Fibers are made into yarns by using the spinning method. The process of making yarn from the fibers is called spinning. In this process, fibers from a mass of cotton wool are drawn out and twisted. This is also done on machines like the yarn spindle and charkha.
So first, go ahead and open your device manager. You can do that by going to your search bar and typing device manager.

---

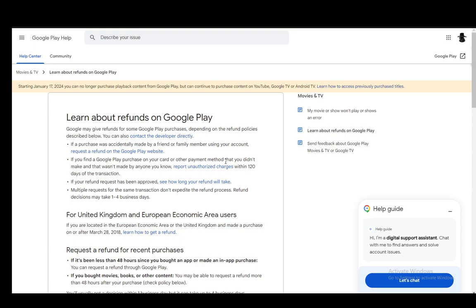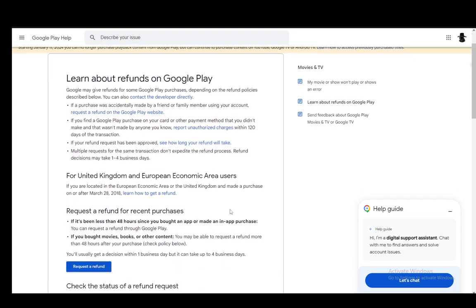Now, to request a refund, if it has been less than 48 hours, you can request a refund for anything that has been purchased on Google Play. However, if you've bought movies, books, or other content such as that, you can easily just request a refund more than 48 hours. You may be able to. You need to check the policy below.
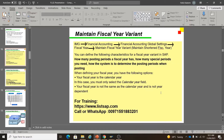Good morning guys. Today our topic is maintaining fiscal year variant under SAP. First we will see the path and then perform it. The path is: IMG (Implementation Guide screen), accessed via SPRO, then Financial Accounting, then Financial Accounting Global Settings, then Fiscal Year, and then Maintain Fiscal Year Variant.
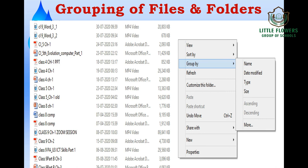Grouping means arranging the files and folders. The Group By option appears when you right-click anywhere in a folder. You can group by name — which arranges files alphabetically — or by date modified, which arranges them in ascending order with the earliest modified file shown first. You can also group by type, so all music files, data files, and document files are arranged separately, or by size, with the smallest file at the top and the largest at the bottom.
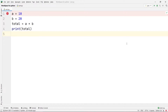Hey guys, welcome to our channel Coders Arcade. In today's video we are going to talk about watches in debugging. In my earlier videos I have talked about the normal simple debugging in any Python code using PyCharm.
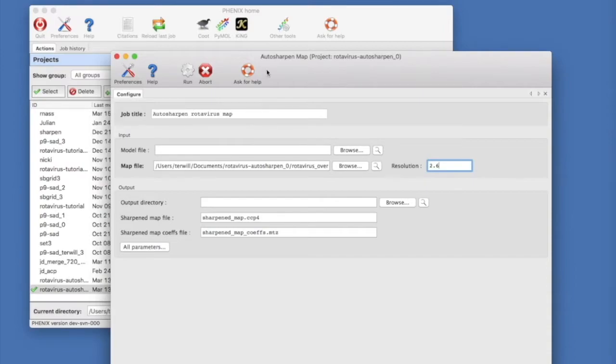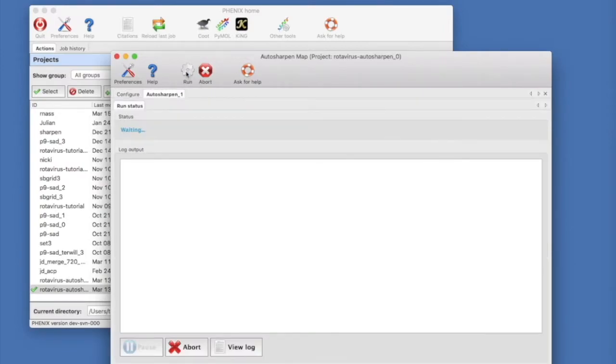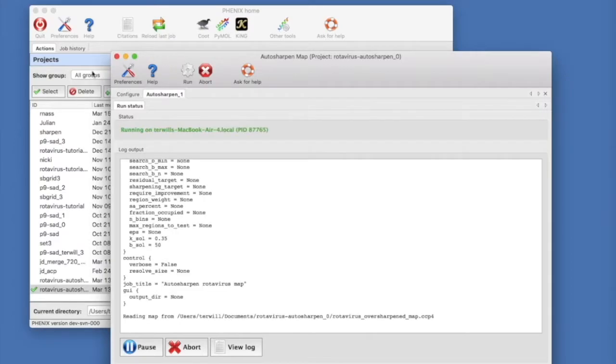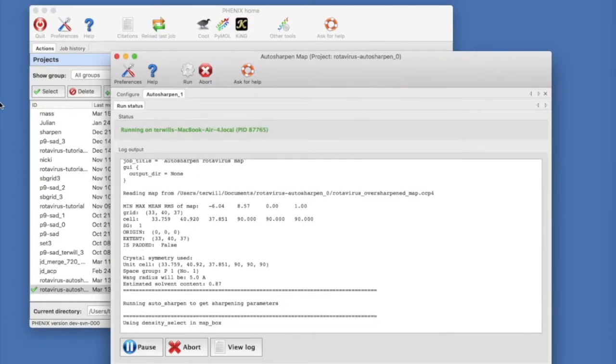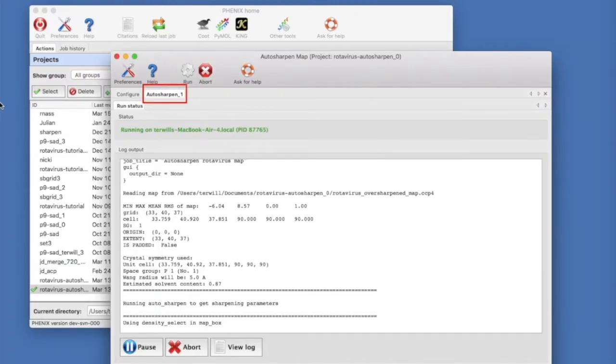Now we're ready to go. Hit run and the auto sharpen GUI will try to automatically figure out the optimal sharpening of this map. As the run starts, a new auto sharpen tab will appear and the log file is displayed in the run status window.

EXERCISE DETAILS:
Above this task is a listing with pictures in it. Retype only the lines from the one containing "Good morning guys." through the one containing "Hey guys, welcome", both included, and not the pictures.

YOUR RESPONSE:
Good morning guys. Today our topic is maintaining fiscal year variant under SAP. First we will see the path and then perform it. The path is: IMG (Implementation Guide screen), accessed via SPRO, then Financial Accounting, then Financial Accounting Global Settings, then Fiscal Year, and then Maintain Fiscal Year Variant.
Grouping means arranging the files and folders. The Group By option appears when you right-click anywhere in a folder. You can group by name — which arranges files alphabetically — or by date modified, which arranges them in ascending order with the earliest modified file shown first. You can also group by type, so all music files, data files, and document files are arranged separately, or by size, with the smallest file at the top and the largest at the bottom.
Hey guys, welcome to our channel Coders Arcade. In today's video we are going to talk about watches in debugging. In my earlier videos I have talked about the normal simple debugging in any Python code using PyCharm.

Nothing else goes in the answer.